Prenons, à titre d’exemple, l’une de ses dernières pièces, Papillons (2008). Comme le nom l’indique, on a affaire, ici,
à des papillons, épinglés, en rangées bien ordonnées,
à l’intérieur de boîtes d’entomologistes. Ou du moins est-ce
ce qu’on croit, d’abord, tandis qu’on arrive, de loin,
et qu’on les voit. Mais approchons-nous maintenant de ces boîtes, et l’on verra qu’il s’agit en réalité de ces petits rebuts, copeaux de bois, qu’on obtient lorsqu’on taille les crayons.
Ils ont été ramassés, délicatement, vernissés, et accrochés là. Mis sous verre et au mur. Hommage discret, peut-être,
à ces ailes qu’ils nous donnaient jadis, ces crayons, lorsque nous étions enfants, et qu’avec eux nous dessinions,
ou écrivions, déjà, d’autres mondes, d’autres possibles.
Ils en étaient la promesse. Avec eux on pourrait s’envoler.
Mais peut-être est-ce aussi, et surtout, comme une incitation, comme une invitation, ici, à ce que cela recommence.
Les oeuvres de Sébastien Gouju s’adressent volontiers
à l’enfant qui dort en nous, quelque part, enfoui.
Elles voudraient le susciter à nouveau. Elles voudraient
nous ramener – fût-ce un instant – à ce point, précis
en même temps qu’introuvable, où nous n’avions pas encore une perception toute faite du monde, une perception préformée, prédécoupée par la force de l’habitude
et de l’utilité.
Nombre d’oeuvres de Sébastien Gouju fonctionnent de cette manière, exactement. Elles créent d’abord une attente,
puis s’amusent à la décevoir, pour nous faire basculer,
bien plutôt, dans l’étonnement. L’étonnement : cette vertu
qui est celle de l’enfant, comme on l’aura compris.
Mais qui est celle aussi – faut-il le rappeler ? – du philosophe (Aristote, Métaphysique, A, 1). Ainsi encore Les Ballons.

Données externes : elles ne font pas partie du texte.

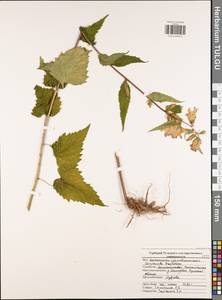 Колокольчик крапиволистный L., Восточная Европа, Центральный район (E4) (Россия)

Là où l’on pensait, de loin, trouver la malléabilité
du caoutchouc, là où l’on pensait, de loin, trouver
une certaine légèreté, ils nous offrent au contraire, maintenant qu’on s’est approché, la dureté du verre, et une pesanteur certaine. Ou Les Soldats. Cloués au sol, ils se présentent d’abord, de surplomb, comme un tapis de feuilles.

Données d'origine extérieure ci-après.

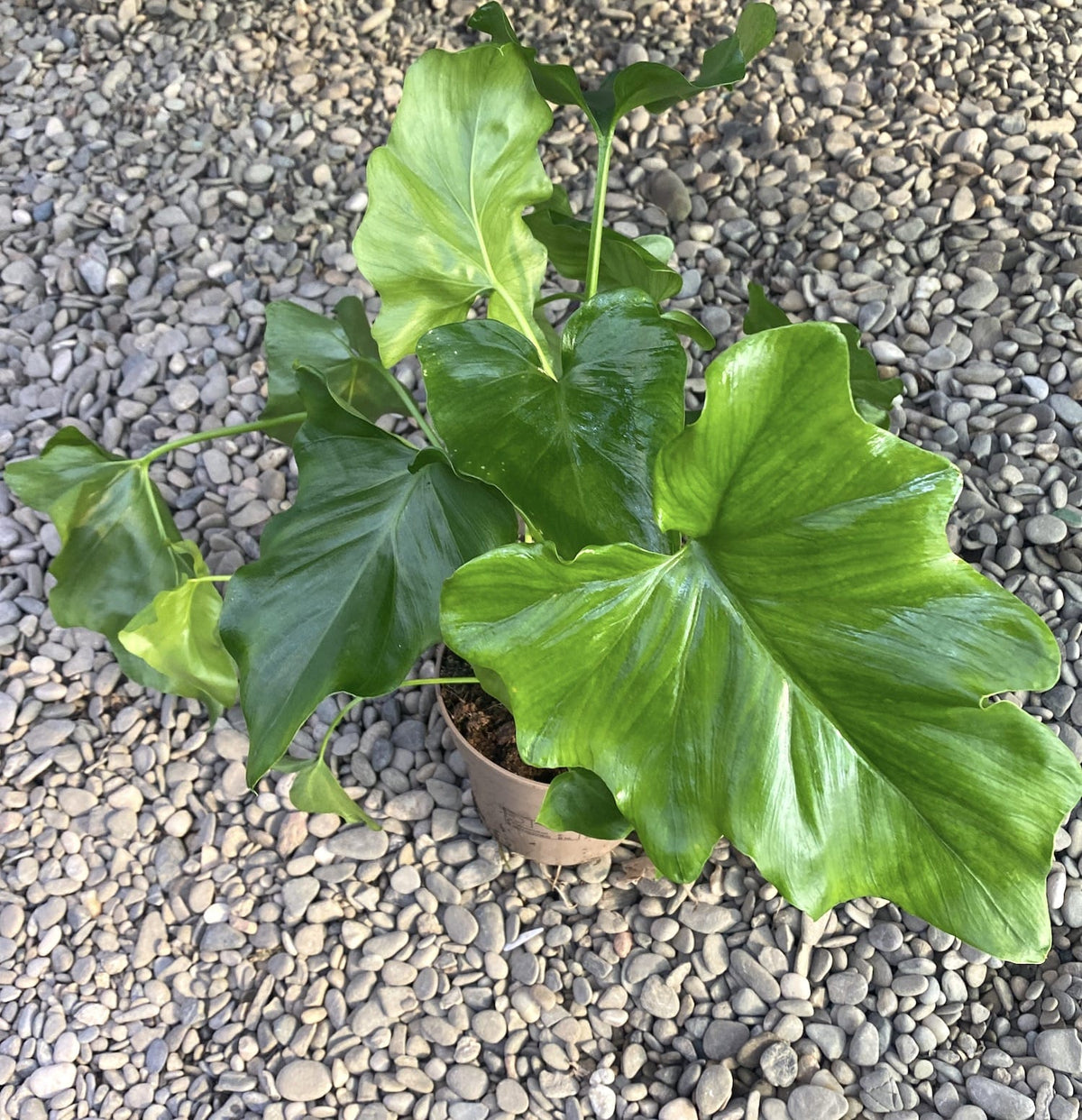 Philodendron Little Hope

Ne se révélant qu’ensuite être un camouflage, abriter
des guerriers.À condition bien sûr qu’on en ait fait le tour, qu’on se soit abaissé, qu’on ait consenti soi-même
à se mettre à leur niveau, à leur échelle.
Ce déplacement du corps d’ailleurs, dont il est ici question,
est essentiel chez Sébastien Gouju. Et c’est bien pour cela qu’on aparlé tout à l’heure d’installation, aussi, et pas seulement d’objets.
C’est au corps, en effet, en tant qu’il est le lieu, précisément, où se passe la sensation, en acte, en tant qu’il est le lieu, aussi, où s’en conserve précisément la mémoire,
où s’en conserve le protocole, c’est au corps, dis-je,
que parlent généralement ses pièces.
Ce n’est point là un art conceptuel, ni intellectuel.
Mais c’est un art, au contraire, tout en intuition.
Les pièces de Sébastien Gouju perturbent discrètement
nos attentes, nos habitudes. Mine de rien. Et c’est de cette discrétion même, de cette simplicité, de ce mine de rien qu’elles tirent tout à la fois leur efficacité et qu’elles tirent
leur beauté. Nous renvoyant à cet instant dont je parlais
déjà tout à l’heure : comme à l’aube de nos premières expériences, de nos premières découvertes.
Avant que le monde ne soit devenu monde. Avant que nous ayons cessé d’y prendre garde. À force d’y être.